Records from a collection
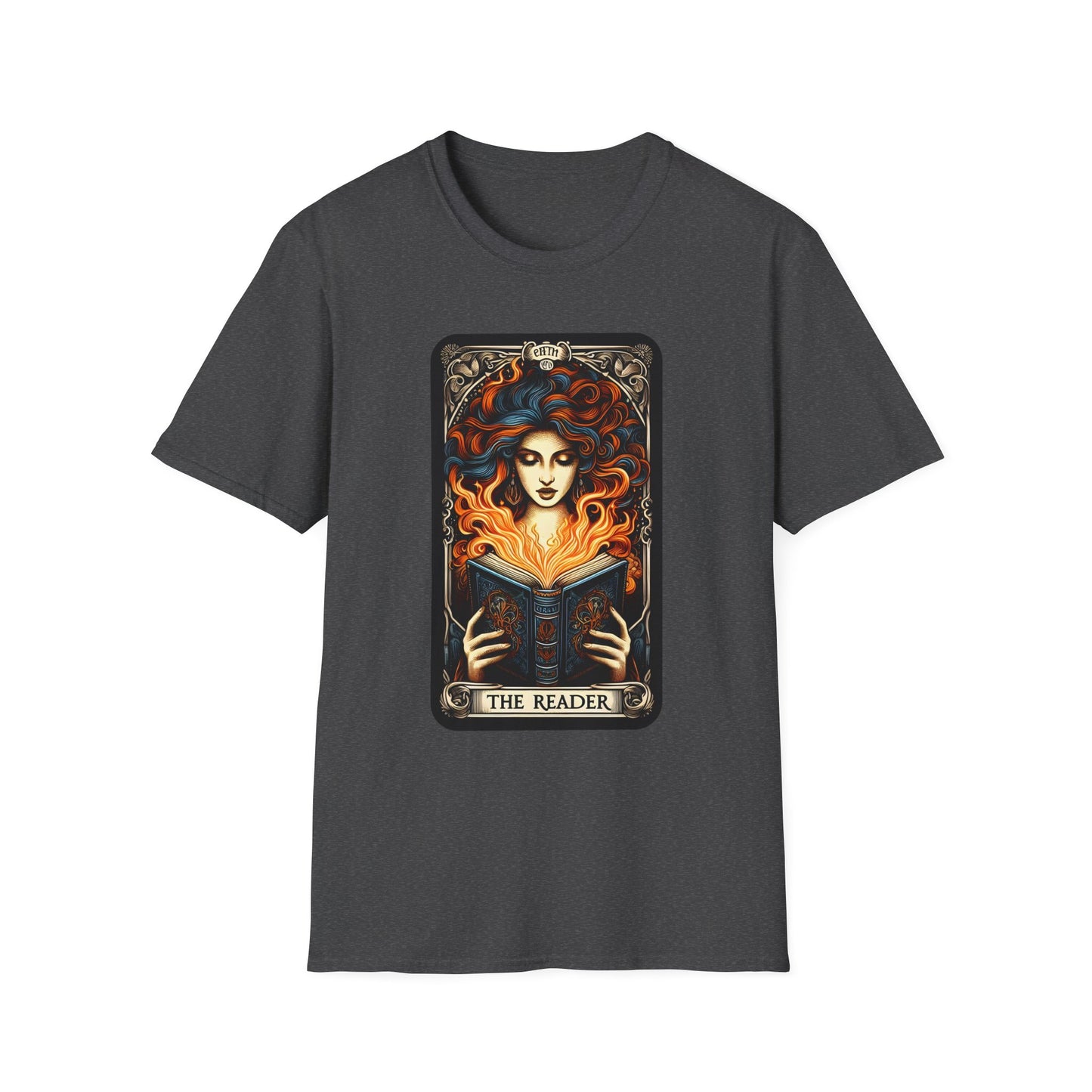 The Reader Tarot Card T-Shirt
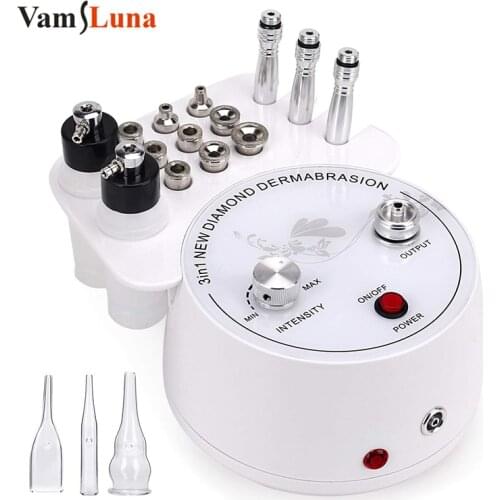 3 in 1 Diamond Microdermabrasion Dermabrasion Machine Water Spray Skin Wrinkle Face Peeling Machine,microdermoabrasion facial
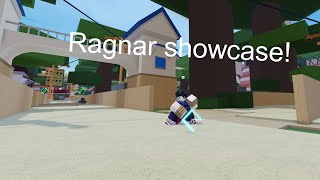 Ragnar showcase! | Shindo life!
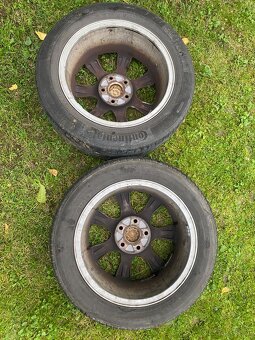 Originál Škoda 16” ALU (1Z0 601 025 A) – 6.5Jx16 ET50 – Made - 9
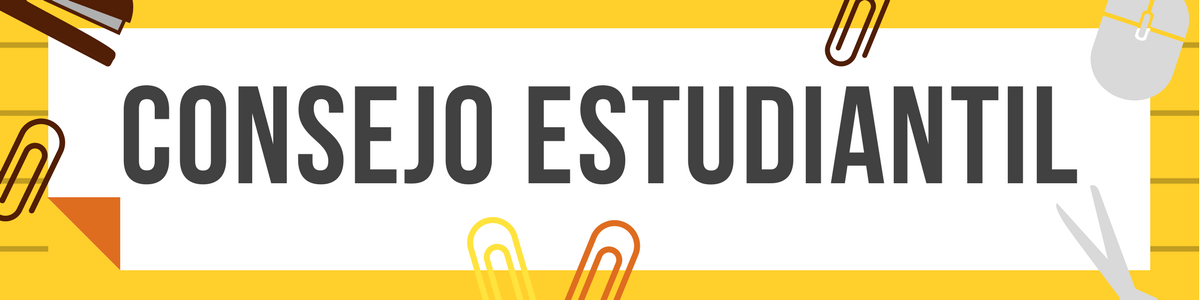 Banner Consejo Estudiantil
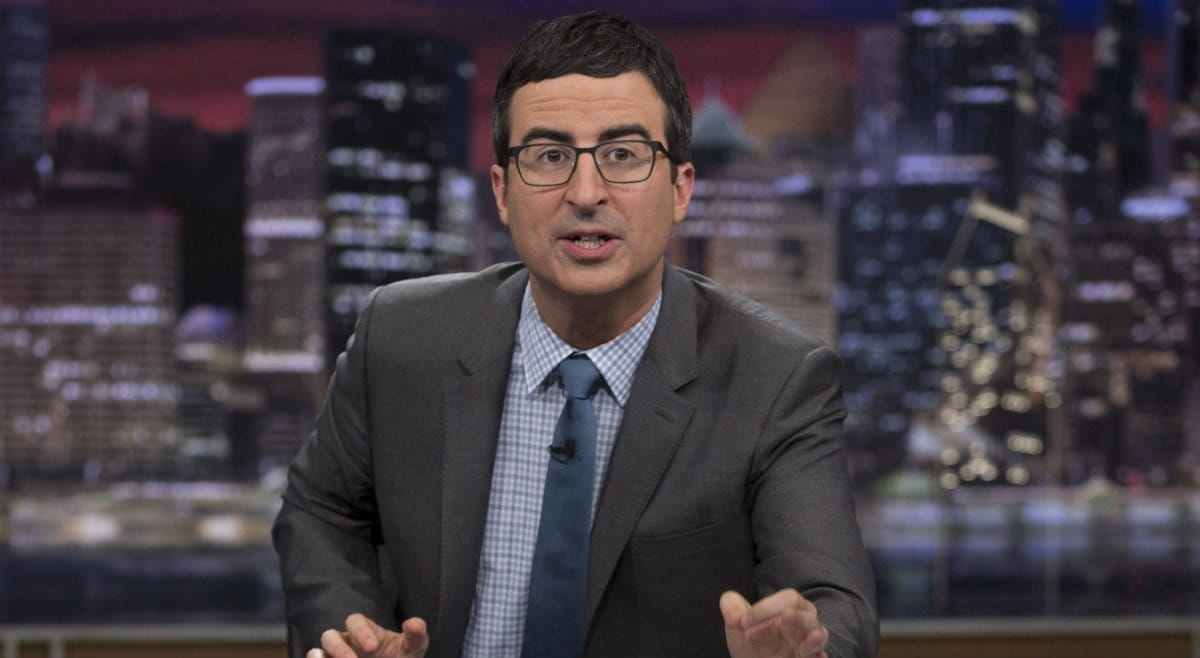 John Oliver Unmasks the Corruption of the Prosperity Gospel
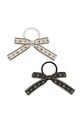 Dětské gumičky Konges Sløjd 2 PACK BOW ELASTIC 2-pack béžová KS101350
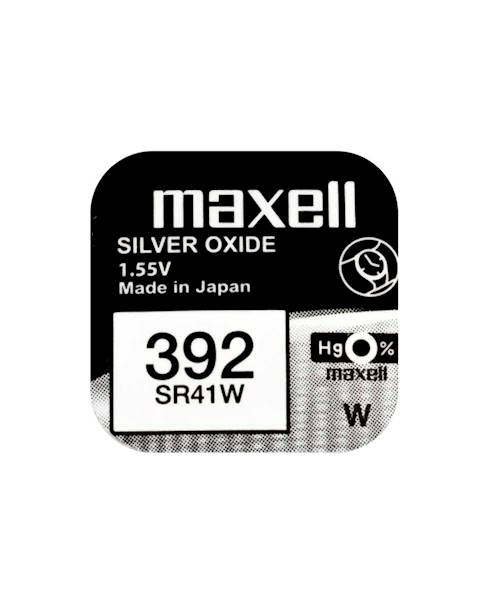 BATERIA MAXELL SR41W/392 SREBROWA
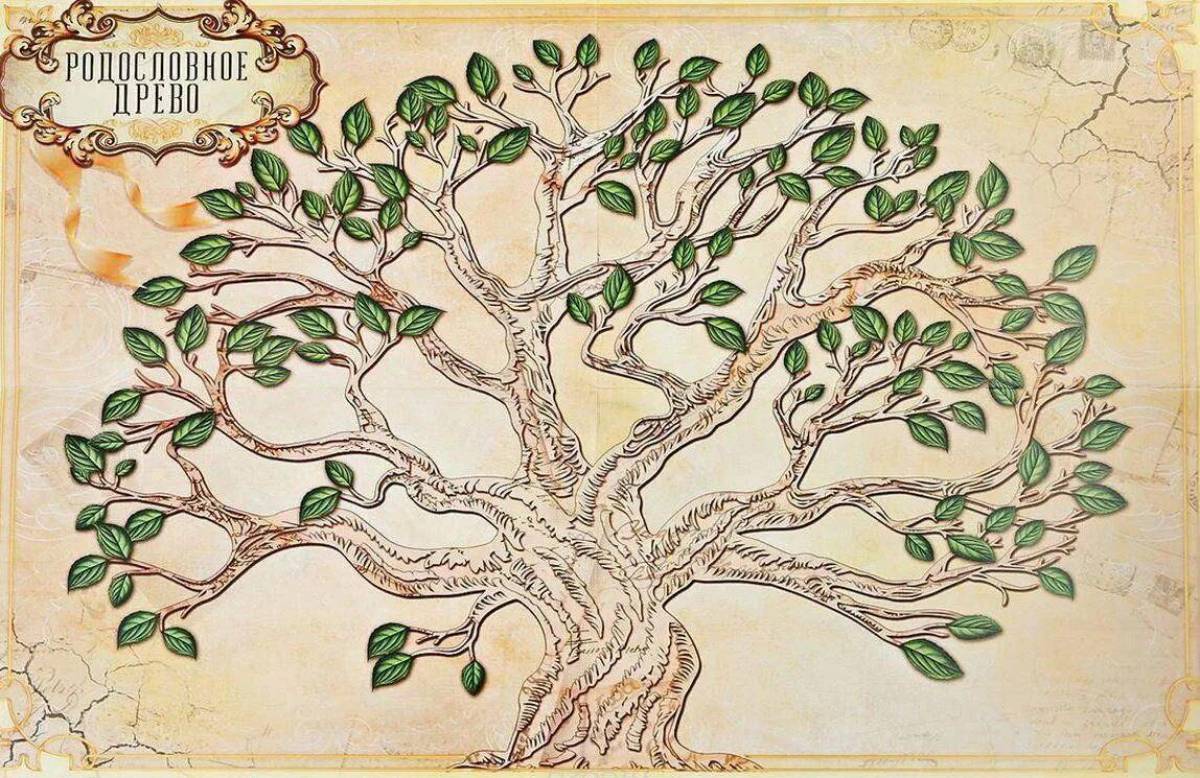 Генеалогическое дерево #6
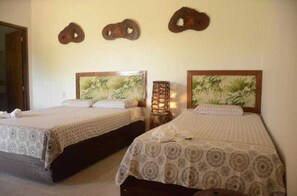 Kolmen hengen standard-huone | 1 makuuhuone, äänieristys, ilmainen Wi-Fi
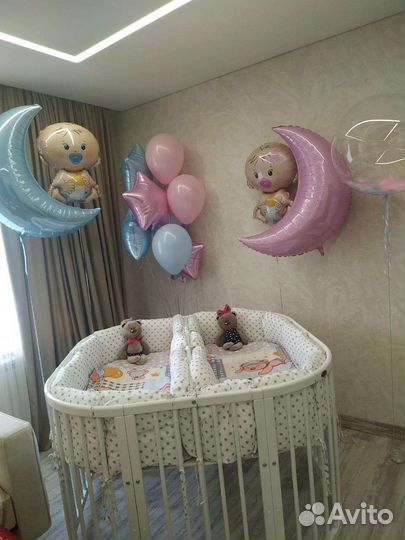 Детская кровать для двойни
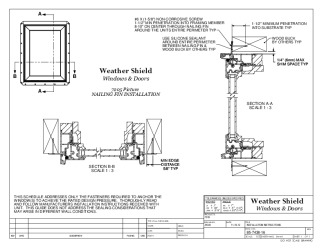 PR Instl Docs FL14696 R11 II 7205 Casement Picture 85-7438-16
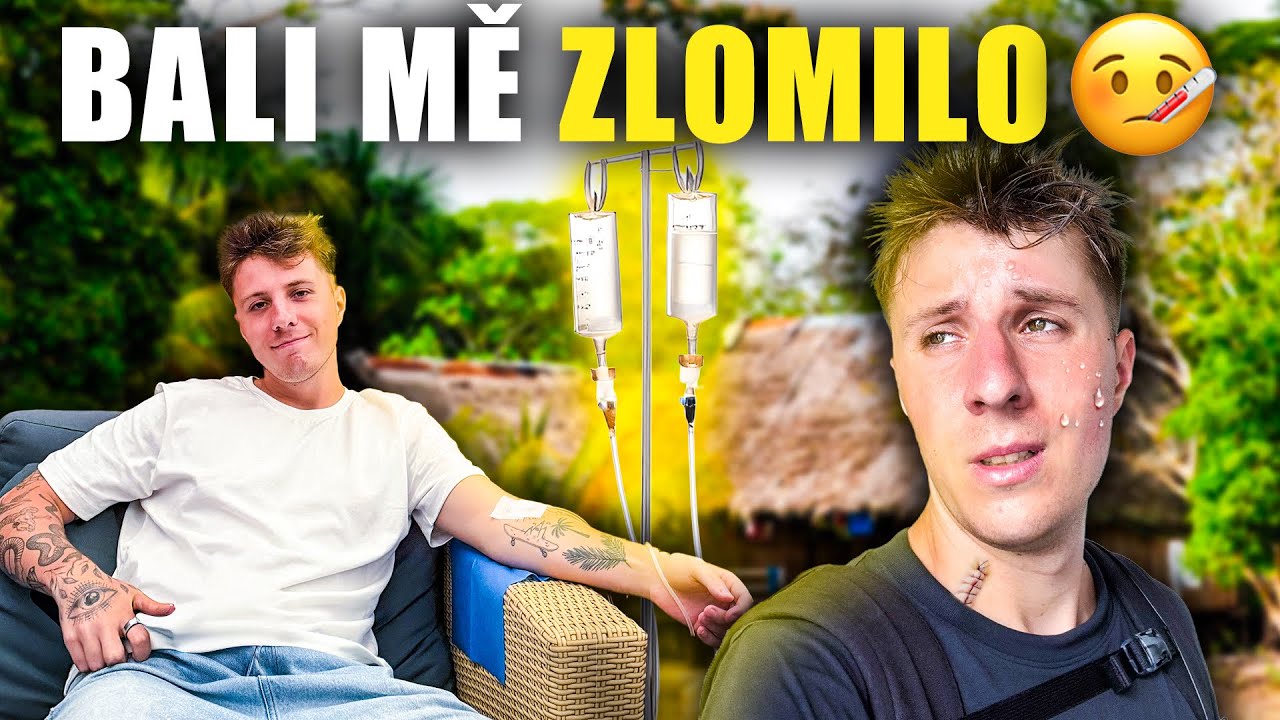 UŽ MĚ TO TAKY DOSTALO 🤢 ZMIZENÍ NA LOMBOK!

## Your task
Word for word, print out all of the records above; pass over the pictures.

## Answer space
 The Reader Tarot Card T-Shirt
 3 in 1 Diamond Microdermabrasion Dermabrasion Machine Water Spray Skin Wrinkle Face Peeling Machine,microdermoabrasion facial
 Ragnar showcase! | Shindo life!
 Originál Škoda 16” ALU (1Z0 601 025 A) – 6.5Jx16 ET50 – Made - 9
 Banner Consejo Estudiantil
 John Oliver Unmasks the Corruption of the Prosperity Gospel
 Dětské gumičky Konges Sløjd 2 PACK BOW ELASTIC 2-pack béžová KS101350
 BATERIA MAXELL SR41W/392 SREBROWA
 Генеалогическое дерево #6
 Kolmen hengen standard-huone | 1 makuuhuone, äänieristys, ilmainen Wi-Fi
 Детская кровать для двойни
 PR Instl Docs FL14696 R11 II 7205 Casement Picture 85-7438-16
 UŽ MĚ TO TAKY DOSTALO 🤢 ZMIZENÍ NA LOMBOK!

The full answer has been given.